_Task item_
Output exactly the lines of the listing below that run from the line with "Men's Black, Red" through the line with "Backgammon-Sets für Erwachsene, klassisches". No pictures.

_Data section_
----
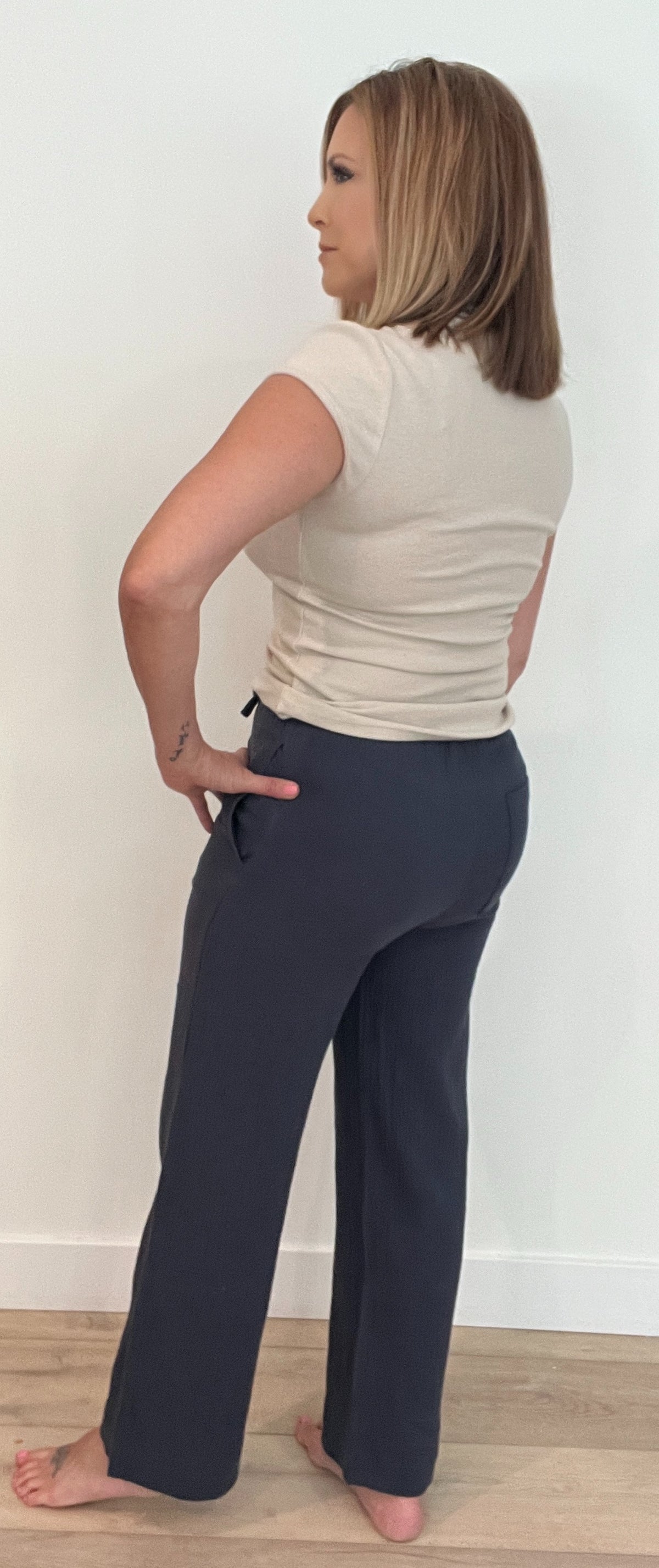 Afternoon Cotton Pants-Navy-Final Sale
----
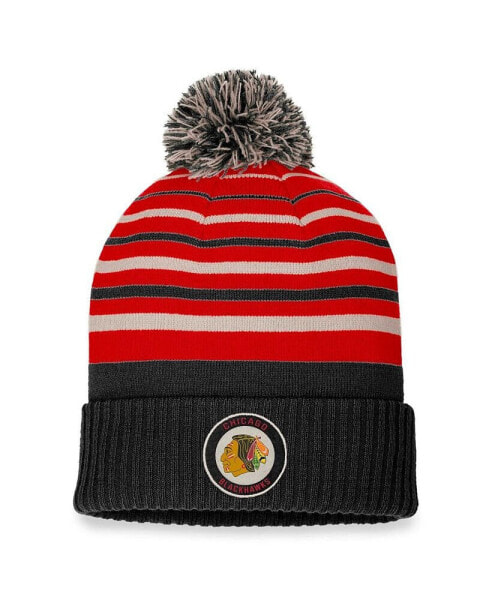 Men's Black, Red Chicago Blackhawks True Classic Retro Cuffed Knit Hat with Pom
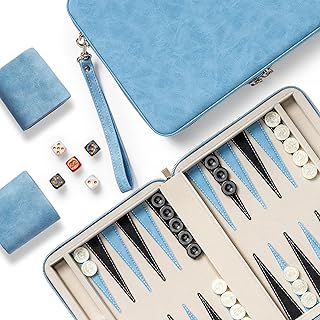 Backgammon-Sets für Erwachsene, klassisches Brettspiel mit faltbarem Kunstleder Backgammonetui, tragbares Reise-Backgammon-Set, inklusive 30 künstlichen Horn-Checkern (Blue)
----
_Your solution_
 Men's Black, Red Chicago Blackhawks True Classic Retro Cuffed Knit Hat with Pom
 Backgammon-Sets für Erwachsene, klassisches Brettspiel mit faltbarem Kunstleder Backgammonetui, tragbares Reise-Backgammon-Set, inklusive 30 künstlichen Horn-Checkern (Blue)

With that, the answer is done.